The Common Reporting Standard (“CRS”) is a wide-ranging global initiative to share taxpayer financial account information between countries in order to identify and counter tax evasion.
The CRS requires participating countries to obtain taxpayer information from financial institutions in that jurisdiction and pass it on to tax authorities in other jurisdictions (e.g. HMRC) on an annual basis.
At the time of writing 55 countries, including the UK, have committed to exchanging information from 2017, based on information being gathered in 2016.
Unlike the UK’s existing information exchange agreements with Switzerland and the UK’s Crown Dependencies and Overseas Territories, the CRS does not contain a reduced reporting regime for UK resident but non-UK domiciled individuals.
The CRS will greatly reduce the privacy currently enjoyed by these persons as HMRC will receive wider details of their offshore accounts (to the extent the accounts are located in a CRS jurisdiction).

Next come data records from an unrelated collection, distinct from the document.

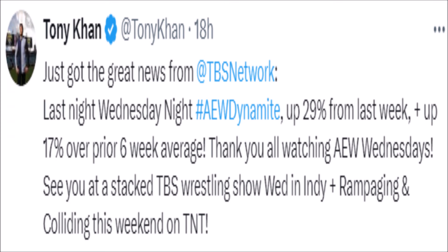As you can see, Tony Khan with this tweet, man, he's pure marketing. He's like, just got the great news from TBS Network. Last night, Wednesday night AEW Dynamite, up 29% from last week, up 17% over six-week average. Thank you all watching AEW Wednesdays. See you at a stacked TBS wrestling show Wednesday in Indy, plus Rampage and Colliding this weekend on TNT.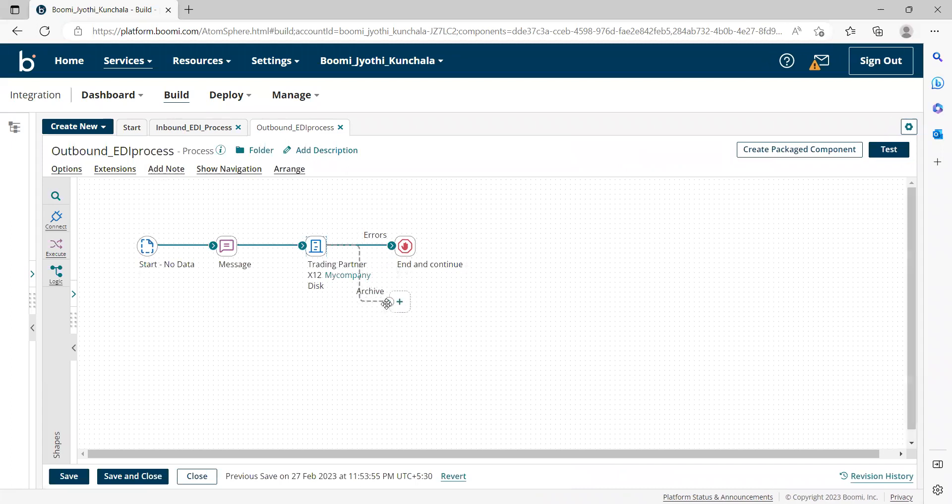For example, we can add the logic to send mail notification. Here, the complete outbound document will be forwarded to this particular path.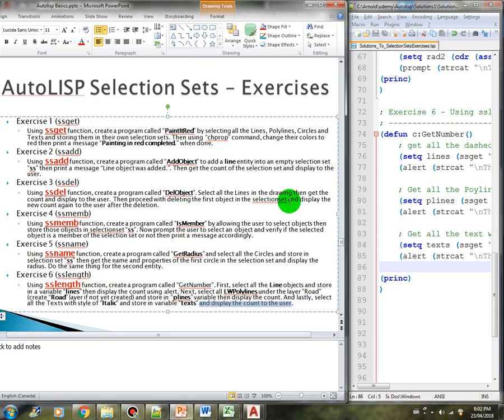Hi there. I hope you completed all the exercises in the selection sets topic. In this video we will revisit each of the requirements and go through the code. You might have a different solution than mine, but as long as it addresses the requirements then it's fine. Let's start with exercise one.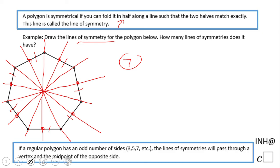The rule is: if a regular polygon has an odd number of sides, the line of symmetry will pass through a vertex and the midpoint of the opposite side. And the number of lines of symmetry equals the number of sides.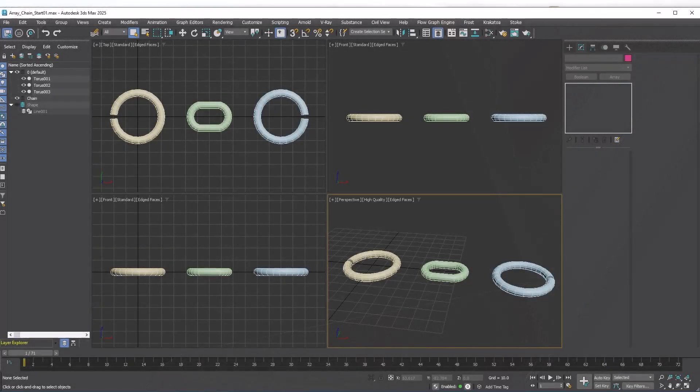In this tutorial, we will learn how to use the various features of the Array modifier and apply them to real-world scenarios. Let's warm up by making a simple chain with master links at each end.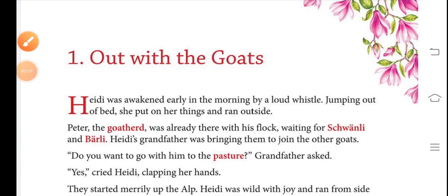Hello students, this is English literature class and today we are going to learn chapter 1, 'Out with the Goats.' First, I would like to introduce the characters of the story.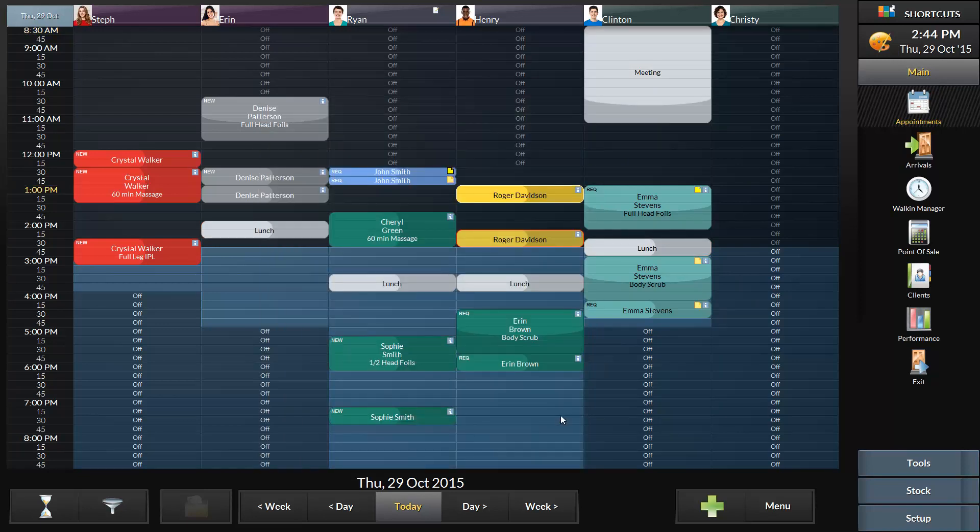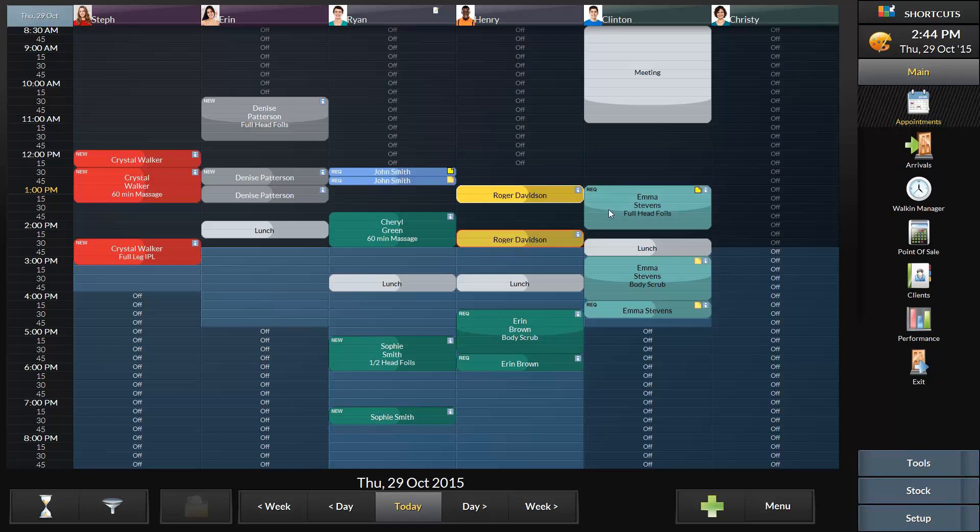For example, once the client has confirmed their appointment, the appointment will turn light green. When the client has arrived for their appointment, it will be shown in blue. And if the client no-shows for their appointment, that appointment will be shown in red.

Details reportable under the CRS include the name of the financial institution, the account number, the account balance, the amount of income paid or credited to the account, and the amount of proceeds from the sale of property paid into the account.
The CRS will result in HMRC beginning to obtain a vast new range of data on UK residents with offshore accounts. HMRC have advised a new amnesty known as the Common Reporting Standard Disclosure Facility will open during 2016 for taxpayers who may have undisclosed accounts reported to HMRC under the CRS. Full details of this disclosure facility are yet to be released.
It has been signalled that this facility will not be as favourable as the Liechtenstein Disclosure Facility, but taxpayers who make unprompted disclosure will still be in a much better position than if irregularities are identified by HMRC as a result of an enquiry.